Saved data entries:

============

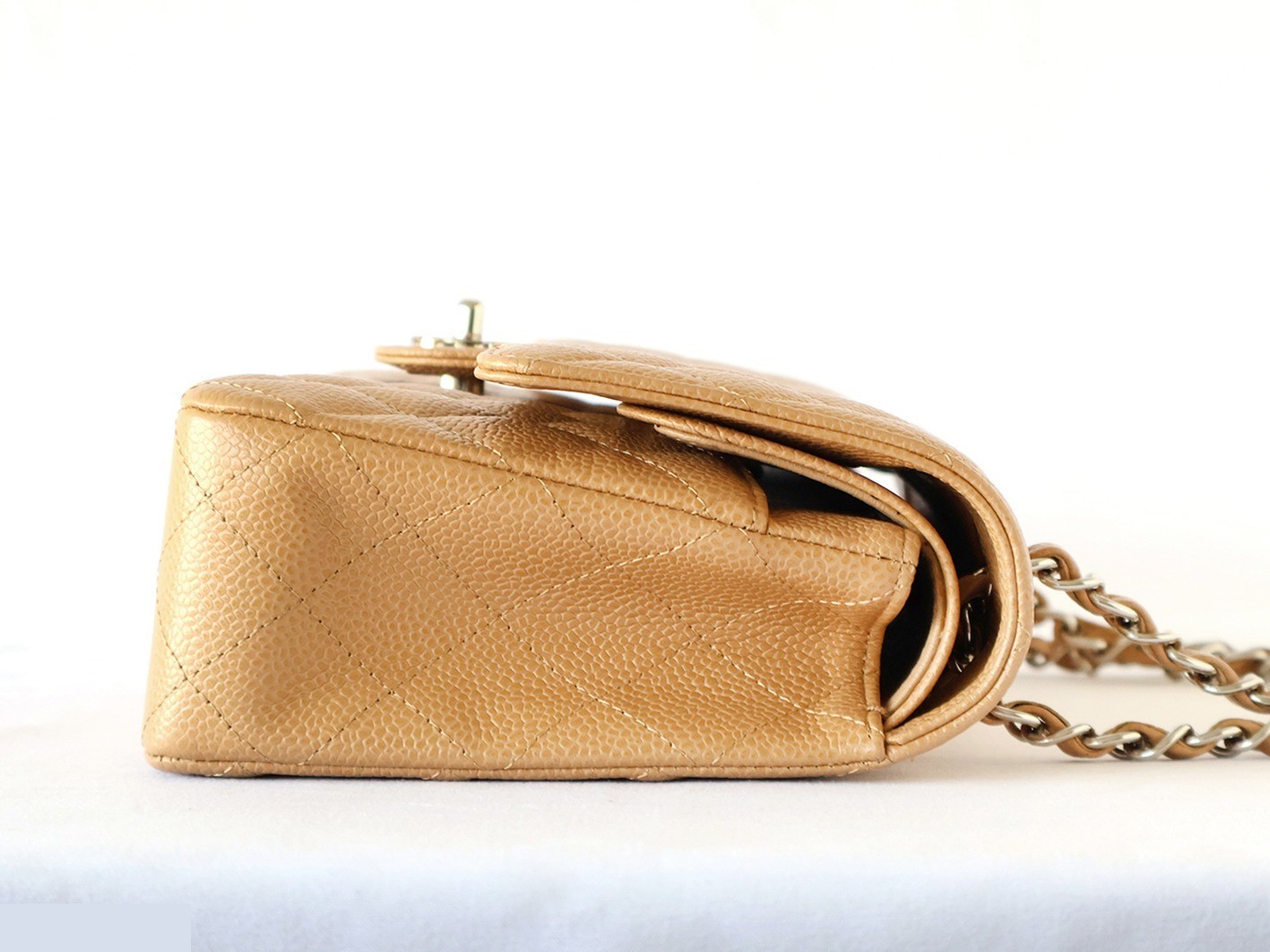 Caviar leather Matelassé 25 Double flap Double chain shoulder bag, beige — view 7
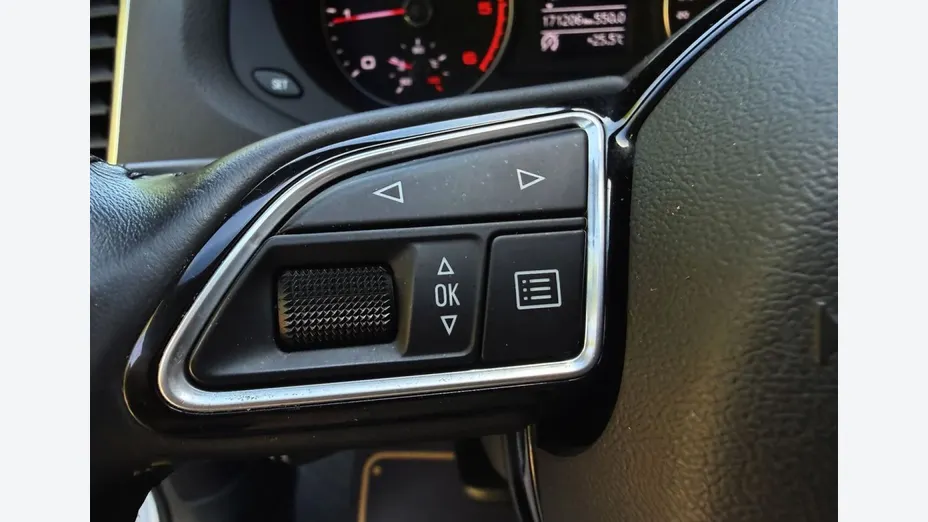 AUDI Q3 -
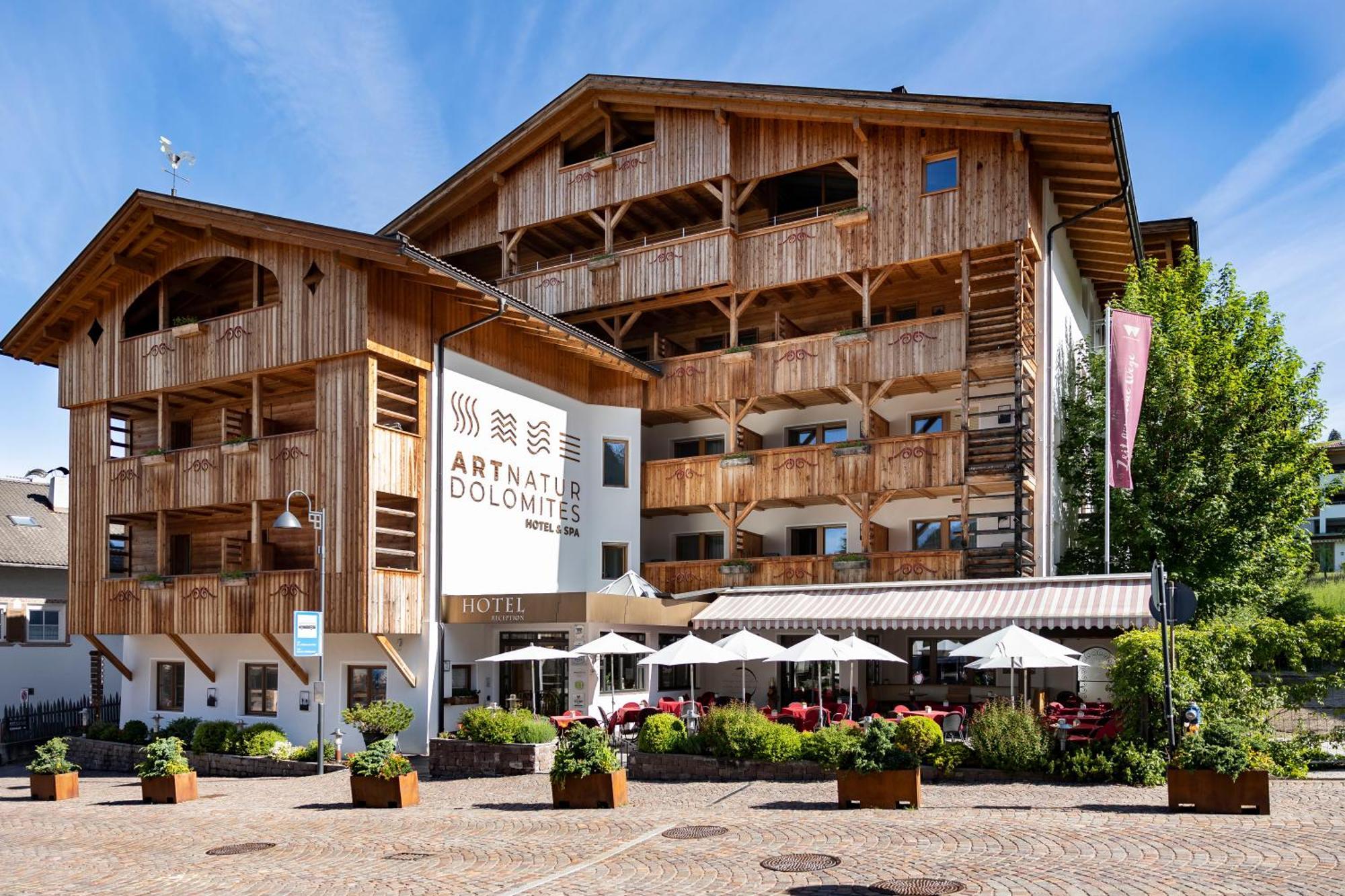 Artnatur Dolomites Hotel & Spa Siusi Luaran gambar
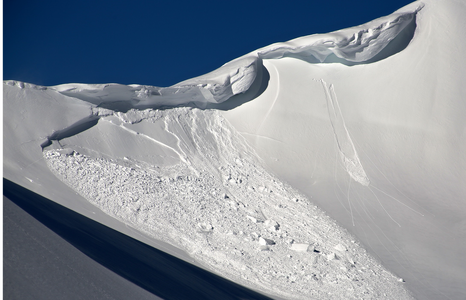 20160319_mtgrantcornicewindslab.png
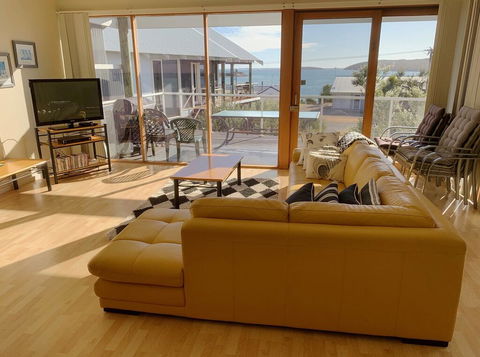 Sheoak Holiday Home - Australian Directory 0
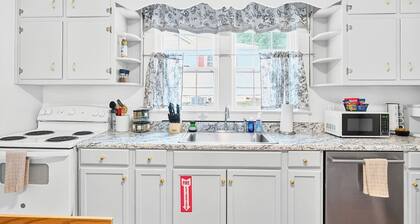 Walking Distance to Casino! Cozy stay in prime location!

============

PROBLEM STATEMENT:
Since the pictures are not wanted, copy only the text of the records above, exactly.

RESULT FOR THIS EXERCISE:
 Caviar leather Matelassé 25 Double flap Double chain shoulder bag, beige — view 7
 AUDI Q3 -
 Artnatur Dolomites Hotel & Spa Siusi Luaran gambar
 20160319_mtgrantcornicewindslab.png
 Sheoak Holiday Home - Australian Directory 0
 Walking Distance to Casino! Cozy stay in prime location!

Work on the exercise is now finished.